The value in the Quora post comes from the perspective provided by Justine Musk's response, having been married to the obsession needed to attempt to achieve this. You're right! You'll likely still fail, but that's what it takes to try: obsession. The potential wealth is a byproduct.
>but that's what it takes to try: obsession

Having a diamond mine owning dad (Musk), a 250K loan from your parents (Bezos), a businesswoman mother with connections to IBM leadership (Gates), a half-billionaire real estate mogul father (Trump), financial support from friends and family to the tune of $1 million (Thiel), an $100K cheque from your father (Zuckerberg), and so on, doesn't hurt either.

Or a stable middle and above class family background, with the support to study, preferably at an elite university.

Or family connections.

Or a safety net in general.

Or being at the right place, at the right time (like at the early eighties PC boom, or at the late 90s web boom), and at the right country too (not many opportunities if you're born in a family in Lagos).

Or the ability to treat people as a means to an end, and lie, cheat, backstab, and take advantage of them as needed to get ahead. Including the ability to turn a blind eye to shady things you caused or implicitly ordered but don't need to know the details of.

You have to be lucky.

Hard work makes you a magnitude more lucky.

everything and everyone else is just peanut-butthurt and jelly.

Hard work simply makes you eligible for a lottery to become a billionaire.
> Having a diamond mine owning dad (Musk)

Idk why this keeps getting repeated as significant. It wasn't even diamonds, illustrating how bad the telephone game is here.

'Musk’s father Errol ran a successful engineering company in Pretoria, South Africa.

Some writers have made much of him “owning an emerald mine”. But the mine only cost $50,000, never really produced many emeralds, and closed after a few years - it was a side investment unrelated to the family’s wealth. Rumors that it used “apartheid labor” or produced “blood emeralds” are false: the mine was in Zambia, which had no apartheid or bloody conflicts.
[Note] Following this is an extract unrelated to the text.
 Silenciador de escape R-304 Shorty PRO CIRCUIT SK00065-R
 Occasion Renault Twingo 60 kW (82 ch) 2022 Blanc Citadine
Musk claims to be self-made; he moved to Canada at age 17 with $2500 and worked his way up from there. For a while he supported himself by cutting logs, Abe Lincoln style. Nobody paid for his college and he took out $100,000 in debt. Musk’s father invested $28,000 in his first company, but Musk dismissed this as a “later round” and claimed he was already successful at that point and would have gotten the money anyway. The total for that round was $200,000, so Musk’s father’s contribution was only about 15%.'

People should read https://www.astralcodexten.com/p/book-review-elon-musk

>Some writers have made much of him “owning an emerald mine”. But the mine only cost $50,000, never really produced many emeralds, and closed after a few years - it was a side investment unrelated to the family’s wealth. Rumors that it used “apartheid labor” or produced “blood emeralds” are false: the mine was in Zambia, which had no apartheid or bloody conflicts.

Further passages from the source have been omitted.